Even though the NICU was not part of my plan (it’s never a part of anyone’s plan), we were very happy with her care while she was in the NICU. They met me as far as they possibly could with my wishes for Mable. From the first time I got to hold her, I was able to do skin-to-skin. I did skin-to-skin with her everyday, usually for several hours. They fed her my breast milk. I pumped at home and brought my milk in everyday. When I was at the hospital, I was able to breastfeed. She latched at the first try. They let me bring my own soap and lotion for her bath time. We could visit any time, day or night, and stay as long as we wanted.
After 3 weeks in the NICU, she was released. And you’ll never guess what happened next.
A banana truck caught on fire. I can’t make this stuff up. Read about it here and here. The hospital is 14 miles from my house. It took us over 4 hours to get home. Four hours with a newborn baby that just left the intensive care unit. Mabel didn’t care at all. She never complained, not even once. Ryan and I, on the other hand, did complain.

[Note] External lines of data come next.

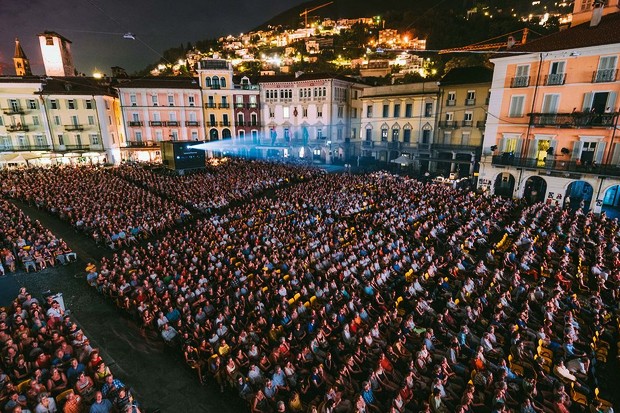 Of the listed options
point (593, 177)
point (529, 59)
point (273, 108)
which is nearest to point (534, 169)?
point (593, 177)

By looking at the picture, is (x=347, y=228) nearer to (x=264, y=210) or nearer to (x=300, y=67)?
(x=264, y=210)

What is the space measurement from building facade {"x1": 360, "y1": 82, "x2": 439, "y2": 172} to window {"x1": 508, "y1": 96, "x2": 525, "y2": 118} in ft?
39.1

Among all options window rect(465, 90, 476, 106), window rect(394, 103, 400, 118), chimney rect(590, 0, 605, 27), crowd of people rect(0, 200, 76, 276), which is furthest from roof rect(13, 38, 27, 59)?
chimney rect(590, 0, 605, 27)

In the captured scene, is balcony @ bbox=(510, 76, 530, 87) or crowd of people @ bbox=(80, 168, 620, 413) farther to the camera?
balcony @ bbox=(510, 76, 530, 87)

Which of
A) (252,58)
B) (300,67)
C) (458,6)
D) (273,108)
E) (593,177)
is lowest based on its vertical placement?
(593,177)

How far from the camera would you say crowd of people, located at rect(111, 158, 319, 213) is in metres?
25.1

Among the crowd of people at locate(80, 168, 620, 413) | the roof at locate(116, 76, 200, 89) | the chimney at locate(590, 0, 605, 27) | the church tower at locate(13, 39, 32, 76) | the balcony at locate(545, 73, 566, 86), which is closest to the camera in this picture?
the crowd of people at locate(80, 168, 620, 413)

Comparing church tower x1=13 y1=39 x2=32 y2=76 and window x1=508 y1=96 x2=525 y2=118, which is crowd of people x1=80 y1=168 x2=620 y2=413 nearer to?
window x1=508 y1=96 x2=525 y2=118

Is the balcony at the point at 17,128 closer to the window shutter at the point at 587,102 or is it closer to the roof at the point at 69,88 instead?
the roof at the point at 69,88

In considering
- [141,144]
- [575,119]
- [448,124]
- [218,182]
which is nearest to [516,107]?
[575,119]

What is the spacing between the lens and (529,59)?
25.9 meters

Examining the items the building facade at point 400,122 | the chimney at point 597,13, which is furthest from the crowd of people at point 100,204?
the chimney at point 597,13

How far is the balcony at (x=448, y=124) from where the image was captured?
37562mm

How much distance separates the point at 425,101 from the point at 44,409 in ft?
136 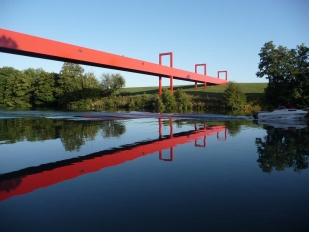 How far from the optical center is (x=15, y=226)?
179 inches

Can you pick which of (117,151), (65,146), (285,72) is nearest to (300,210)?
(117,151)

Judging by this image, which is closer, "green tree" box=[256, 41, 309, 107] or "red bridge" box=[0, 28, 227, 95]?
"red bridge" box=[0, 28, 227, 95]

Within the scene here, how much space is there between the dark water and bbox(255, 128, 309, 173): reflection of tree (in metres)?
0.04

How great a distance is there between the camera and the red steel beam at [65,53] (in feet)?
91.1

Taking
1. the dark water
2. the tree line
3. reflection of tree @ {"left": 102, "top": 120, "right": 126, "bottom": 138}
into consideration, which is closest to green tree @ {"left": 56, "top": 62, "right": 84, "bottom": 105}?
the tree line

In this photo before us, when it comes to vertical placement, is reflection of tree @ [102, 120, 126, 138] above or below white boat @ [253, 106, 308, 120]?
below

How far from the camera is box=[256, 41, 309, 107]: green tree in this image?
36097 mm

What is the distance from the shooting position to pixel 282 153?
9938 millimetres

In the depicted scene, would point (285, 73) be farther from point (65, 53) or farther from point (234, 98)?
point (65, 53)

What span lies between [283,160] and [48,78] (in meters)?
66.9

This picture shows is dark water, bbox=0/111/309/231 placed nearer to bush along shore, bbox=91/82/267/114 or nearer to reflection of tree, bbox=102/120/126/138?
reflection of tree, bbox=102/120/126/138

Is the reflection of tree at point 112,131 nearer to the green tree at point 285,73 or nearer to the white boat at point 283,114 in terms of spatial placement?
the white boat at point 283,114

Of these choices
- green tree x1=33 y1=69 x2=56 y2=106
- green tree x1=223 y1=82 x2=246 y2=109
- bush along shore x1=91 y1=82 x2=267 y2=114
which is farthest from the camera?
green tree x1=33 y1=69 x2=56 y2=106

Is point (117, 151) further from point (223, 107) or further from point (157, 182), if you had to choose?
point (223, 107) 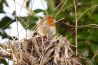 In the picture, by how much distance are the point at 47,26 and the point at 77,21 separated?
0.30m

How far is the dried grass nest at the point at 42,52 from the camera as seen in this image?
2266 millimetres

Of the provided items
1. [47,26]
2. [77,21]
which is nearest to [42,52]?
[47,26]

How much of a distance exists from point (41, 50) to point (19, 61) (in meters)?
0.10

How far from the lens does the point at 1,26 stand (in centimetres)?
314

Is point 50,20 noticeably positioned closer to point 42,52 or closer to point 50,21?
point 50,21

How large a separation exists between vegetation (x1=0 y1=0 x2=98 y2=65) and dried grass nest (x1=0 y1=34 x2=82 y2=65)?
0.68 ft

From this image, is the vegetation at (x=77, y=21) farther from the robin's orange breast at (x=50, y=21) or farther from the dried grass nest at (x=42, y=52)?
the dried grass nest at (x=42, y=52)

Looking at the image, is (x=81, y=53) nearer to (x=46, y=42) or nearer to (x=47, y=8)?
(x=46, y=42)

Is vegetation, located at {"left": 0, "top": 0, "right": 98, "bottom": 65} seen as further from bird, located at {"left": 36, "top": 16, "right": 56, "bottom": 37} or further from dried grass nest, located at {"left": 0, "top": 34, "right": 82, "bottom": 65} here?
dried grass nest, located at {"left": 0, "top": 34, "right": 82, "bottom": 65}

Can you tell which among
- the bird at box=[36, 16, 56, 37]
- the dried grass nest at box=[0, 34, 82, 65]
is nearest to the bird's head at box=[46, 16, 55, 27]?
the bird at box=[36, 16, 56, 37]

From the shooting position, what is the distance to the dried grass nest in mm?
2266

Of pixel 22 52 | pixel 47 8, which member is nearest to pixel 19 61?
pixel 22 52

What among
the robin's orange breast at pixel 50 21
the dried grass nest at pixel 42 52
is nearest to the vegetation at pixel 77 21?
the robin's orange breast at pixel 50 21

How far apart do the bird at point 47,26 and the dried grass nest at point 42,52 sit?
0.08 meters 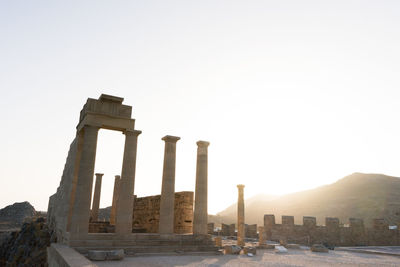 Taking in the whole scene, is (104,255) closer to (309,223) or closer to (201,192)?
(201,192)

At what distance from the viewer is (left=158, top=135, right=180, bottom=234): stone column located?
686 inches

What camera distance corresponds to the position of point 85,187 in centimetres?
1577

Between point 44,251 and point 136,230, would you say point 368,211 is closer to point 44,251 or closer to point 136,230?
point 136,230

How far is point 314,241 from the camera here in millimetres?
27828

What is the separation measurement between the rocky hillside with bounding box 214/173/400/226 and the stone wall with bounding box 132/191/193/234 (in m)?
36.0

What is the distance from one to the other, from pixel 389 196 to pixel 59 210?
236 feet

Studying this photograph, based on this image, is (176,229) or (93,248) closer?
(93,248)

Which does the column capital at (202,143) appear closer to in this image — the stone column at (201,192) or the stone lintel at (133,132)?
the stone column at (201,192)

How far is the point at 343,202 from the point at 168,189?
66.6 metres

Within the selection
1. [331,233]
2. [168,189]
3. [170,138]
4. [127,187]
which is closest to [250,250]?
[168,189]

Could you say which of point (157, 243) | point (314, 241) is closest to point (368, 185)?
point (314, 241)

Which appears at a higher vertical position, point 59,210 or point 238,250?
point 59,210

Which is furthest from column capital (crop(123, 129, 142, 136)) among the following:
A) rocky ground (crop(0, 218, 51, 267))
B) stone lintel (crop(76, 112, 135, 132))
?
rocky ground (crop(0, 218, 51, 267))

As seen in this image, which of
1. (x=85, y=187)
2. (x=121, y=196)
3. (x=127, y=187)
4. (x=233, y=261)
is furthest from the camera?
(x=127, y=187) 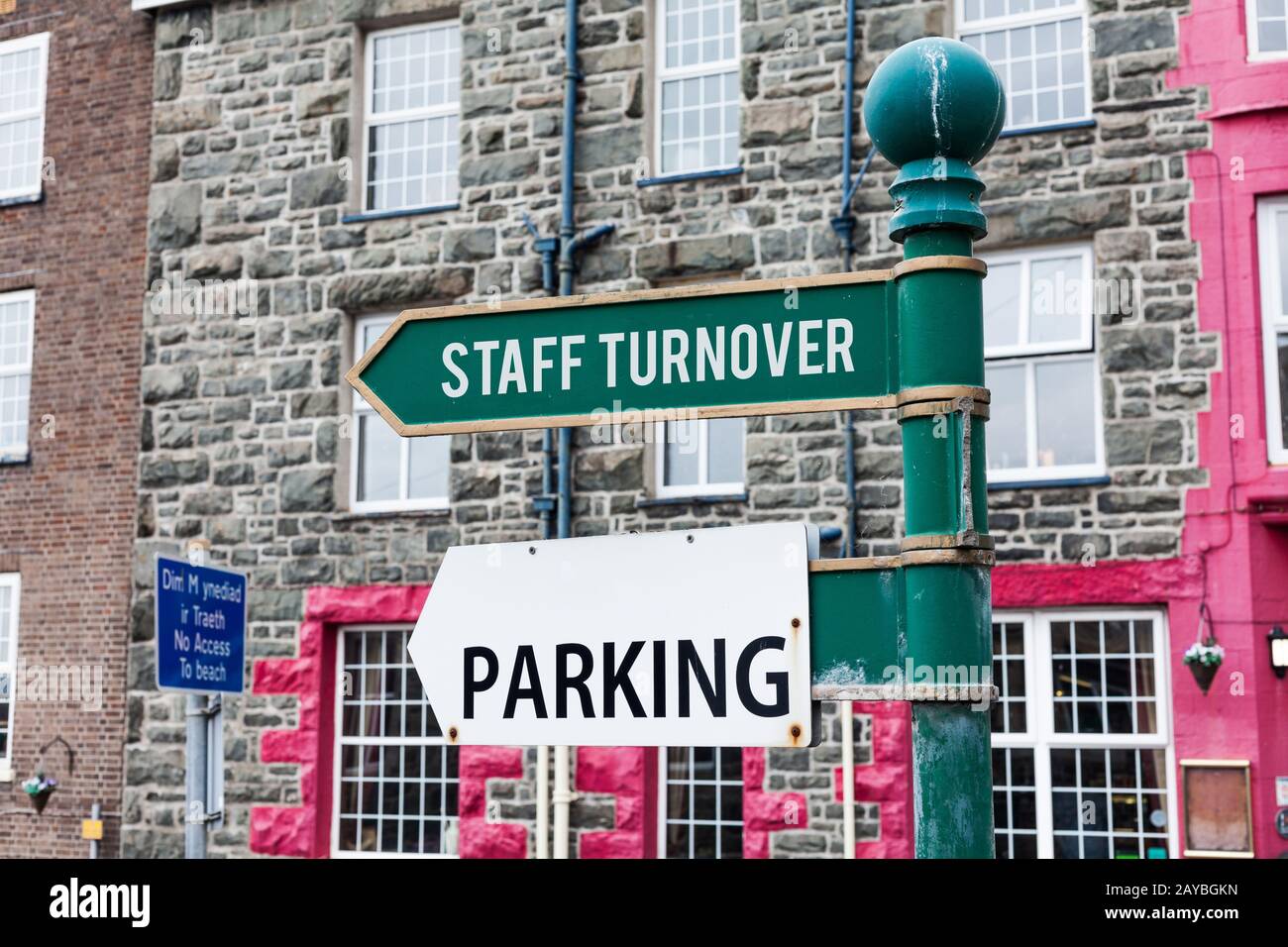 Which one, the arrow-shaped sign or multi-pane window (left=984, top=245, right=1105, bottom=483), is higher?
multi-pane window (left=984, top=245, right=1105, bottom=483)

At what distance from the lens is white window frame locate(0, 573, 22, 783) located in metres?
14.7

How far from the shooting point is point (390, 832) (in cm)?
1344

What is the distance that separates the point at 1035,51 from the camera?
39.9 ft

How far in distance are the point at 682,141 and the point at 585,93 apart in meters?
0.95

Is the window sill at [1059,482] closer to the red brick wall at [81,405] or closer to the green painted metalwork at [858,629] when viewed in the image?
the red brick wall at [81,405]

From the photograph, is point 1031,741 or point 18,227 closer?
point 1031,741

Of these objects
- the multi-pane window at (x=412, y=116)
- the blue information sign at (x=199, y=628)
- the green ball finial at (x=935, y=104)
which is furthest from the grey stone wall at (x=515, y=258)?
the green ball finial at (x=935, y=104)

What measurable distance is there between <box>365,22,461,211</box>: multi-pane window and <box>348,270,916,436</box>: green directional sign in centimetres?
1095

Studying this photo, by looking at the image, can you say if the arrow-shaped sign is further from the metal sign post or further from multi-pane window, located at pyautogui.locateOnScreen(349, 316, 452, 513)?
multi-pane window, located at pyautogui.locateOnScreen(349, 316, 452, 513)

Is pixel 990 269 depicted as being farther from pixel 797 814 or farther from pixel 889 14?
pixel 797 814

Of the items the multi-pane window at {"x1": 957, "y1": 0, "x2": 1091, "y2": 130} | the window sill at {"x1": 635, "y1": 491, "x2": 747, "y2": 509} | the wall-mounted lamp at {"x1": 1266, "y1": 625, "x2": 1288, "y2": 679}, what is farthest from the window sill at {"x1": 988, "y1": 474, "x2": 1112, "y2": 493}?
the multi-pane window at {"x1": 957, "y1": 0, "x2": 1091, "y2": 130}

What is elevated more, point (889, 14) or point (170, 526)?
point (889, 14)

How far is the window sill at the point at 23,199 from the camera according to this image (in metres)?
15.3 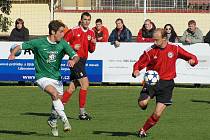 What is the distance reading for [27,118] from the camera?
51.4 ft

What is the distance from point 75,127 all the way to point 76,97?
5.94 meters

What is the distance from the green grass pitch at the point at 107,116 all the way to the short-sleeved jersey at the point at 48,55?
1.05 meters

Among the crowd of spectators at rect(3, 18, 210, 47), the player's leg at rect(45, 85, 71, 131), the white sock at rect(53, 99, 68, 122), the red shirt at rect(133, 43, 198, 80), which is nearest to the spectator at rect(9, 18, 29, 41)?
the crowd of spectators at rect(3, 18, 210, 47)

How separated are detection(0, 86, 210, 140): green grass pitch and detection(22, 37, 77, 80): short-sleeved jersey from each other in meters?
1.05

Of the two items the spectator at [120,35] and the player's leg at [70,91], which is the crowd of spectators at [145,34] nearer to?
the spectator at [120,35]

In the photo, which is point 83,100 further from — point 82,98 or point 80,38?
point 80,38

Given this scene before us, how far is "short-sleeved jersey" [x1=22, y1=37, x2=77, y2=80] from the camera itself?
13164 mm

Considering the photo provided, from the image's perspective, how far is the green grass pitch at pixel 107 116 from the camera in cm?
1334

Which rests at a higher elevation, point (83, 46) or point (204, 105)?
point (83, 46)

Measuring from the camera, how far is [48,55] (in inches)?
519

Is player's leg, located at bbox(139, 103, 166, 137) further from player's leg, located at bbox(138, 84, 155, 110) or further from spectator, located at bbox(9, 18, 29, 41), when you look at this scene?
spectator, located at bbox(9, 18, 29, 41)

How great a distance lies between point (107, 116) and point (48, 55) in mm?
3329

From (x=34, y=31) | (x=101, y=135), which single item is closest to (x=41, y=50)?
(x=101, y=135)

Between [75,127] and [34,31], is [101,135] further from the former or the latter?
[34,31] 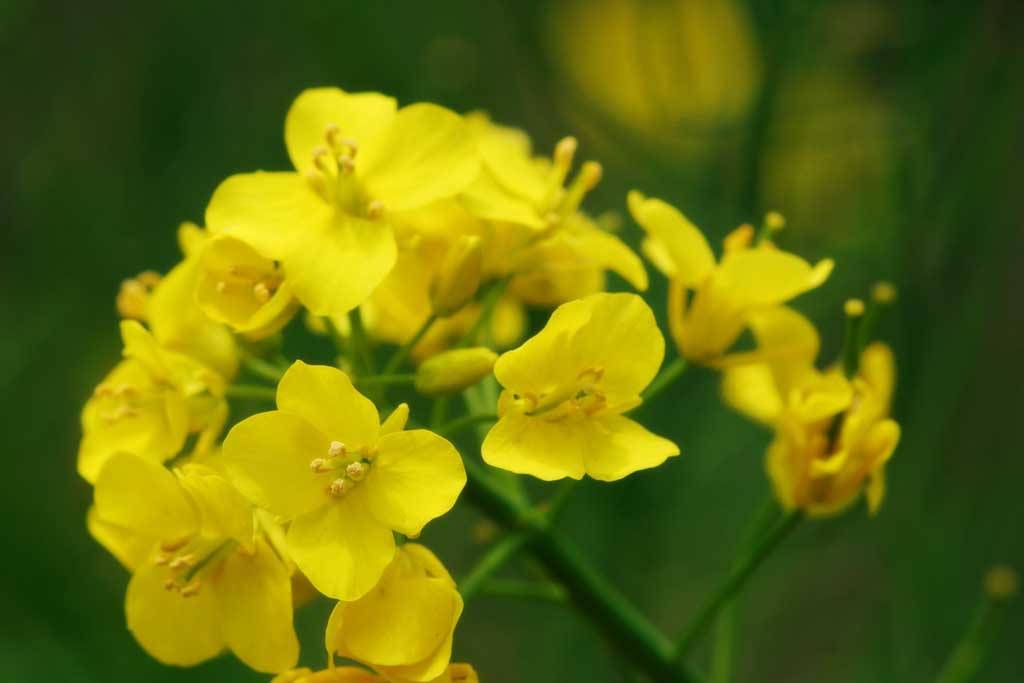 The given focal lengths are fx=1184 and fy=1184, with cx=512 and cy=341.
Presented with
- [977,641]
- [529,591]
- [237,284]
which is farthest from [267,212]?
[977,641]

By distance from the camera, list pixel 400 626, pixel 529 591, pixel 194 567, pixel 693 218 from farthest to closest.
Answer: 1. pixel 693 218
2. pixel 529 591
3. pixel 194 567
4. pixel 400 626

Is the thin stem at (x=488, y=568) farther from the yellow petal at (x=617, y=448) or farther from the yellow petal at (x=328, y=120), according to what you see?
the yellow petal at (x=328, y=120)

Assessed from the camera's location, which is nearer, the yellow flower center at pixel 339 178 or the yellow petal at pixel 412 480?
the yellow petal at pixel 412 480

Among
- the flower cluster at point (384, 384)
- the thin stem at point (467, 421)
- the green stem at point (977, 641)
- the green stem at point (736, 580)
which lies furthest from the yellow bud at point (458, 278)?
the green stem at point (977, 641)

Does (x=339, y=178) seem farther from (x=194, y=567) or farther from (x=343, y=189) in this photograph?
(x=194, y=567)

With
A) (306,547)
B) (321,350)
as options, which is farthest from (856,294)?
(306,547)

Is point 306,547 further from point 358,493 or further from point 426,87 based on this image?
point 426,87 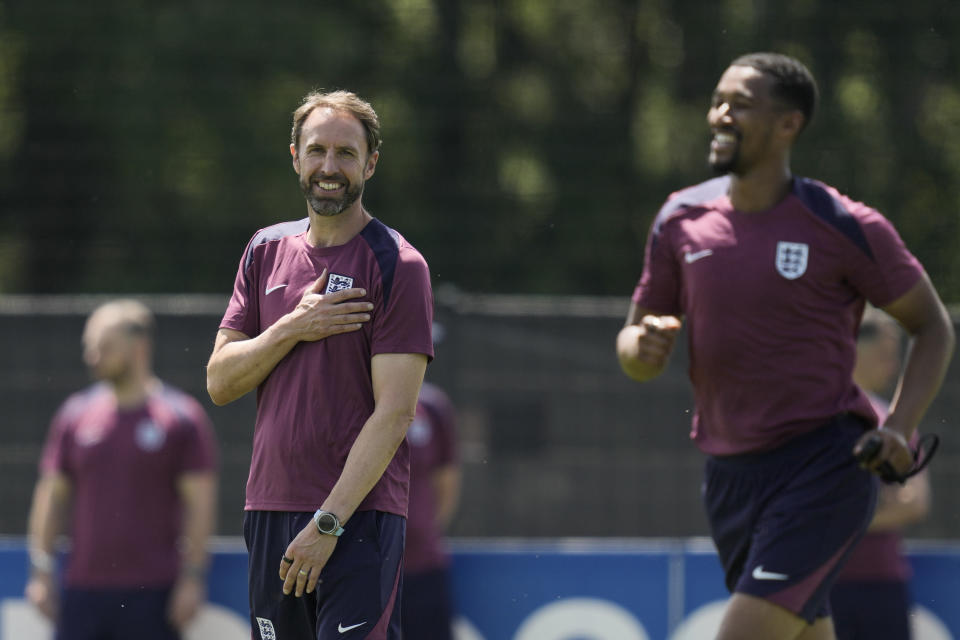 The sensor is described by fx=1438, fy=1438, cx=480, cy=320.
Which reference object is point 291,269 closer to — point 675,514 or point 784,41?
point 675,514

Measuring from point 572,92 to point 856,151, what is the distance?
112 inches

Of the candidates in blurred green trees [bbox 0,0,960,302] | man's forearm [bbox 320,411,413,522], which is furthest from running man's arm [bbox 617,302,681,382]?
blurred green trees [bbox 0,0,960,302]

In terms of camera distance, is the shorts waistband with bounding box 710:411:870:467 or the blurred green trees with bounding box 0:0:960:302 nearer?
the shorts waistband with bounding box 710:411:870:467

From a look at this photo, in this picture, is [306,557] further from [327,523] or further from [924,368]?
[924,368]

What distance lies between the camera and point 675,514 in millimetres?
8969

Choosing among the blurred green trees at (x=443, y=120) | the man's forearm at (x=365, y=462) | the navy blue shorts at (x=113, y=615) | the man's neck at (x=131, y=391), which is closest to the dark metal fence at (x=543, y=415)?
the man's neck at (x=131, y=391)

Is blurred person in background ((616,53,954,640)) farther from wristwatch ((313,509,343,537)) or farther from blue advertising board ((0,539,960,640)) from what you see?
blue advertising board ((0,539,960,640))

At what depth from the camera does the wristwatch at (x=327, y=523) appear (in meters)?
3.85

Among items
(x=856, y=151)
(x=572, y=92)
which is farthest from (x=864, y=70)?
(x=572, y=92)

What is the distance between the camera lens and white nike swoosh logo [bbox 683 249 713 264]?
4711 mm

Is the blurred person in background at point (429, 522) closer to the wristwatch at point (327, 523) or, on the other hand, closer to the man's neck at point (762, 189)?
the man's neck at point (762, 189)

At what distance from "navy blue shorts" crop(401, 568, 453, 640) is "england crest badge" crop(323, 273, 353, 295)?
120 inches

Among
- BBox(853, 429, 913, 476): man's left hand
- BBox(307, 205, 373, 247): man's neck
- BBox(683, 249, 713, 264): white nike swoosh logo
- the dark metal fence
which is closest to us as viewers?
BBox(307, 205, 373, 247): man's neck

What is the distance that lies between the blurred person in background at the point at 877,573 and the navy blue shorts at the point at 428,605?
1883mm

We wanted to have the proper family celebration with our 2 year old son that we weren’t able to have after she was born. But again, our plans were changed for us.
As I’m writing this, she’s now 6 weeks old. She’s 5 pounds, 15 ounces and 20″ (she was 4 lbs, 3 oz. and 17″ at birth). She sleeps great. She eats well. She’s a very happy and healthy baby!
Even though none of this was my birth plan, it’s exactly what she needed. From placenta issues to sonogram reactions, she was in distress. She knew she was ready and able to thrive. She’s amazing and I can’t imagine my life without her!
Sometimes we have plans. And sometimes something greater than us changes those plans for us. Mabel knew exactly what she needed.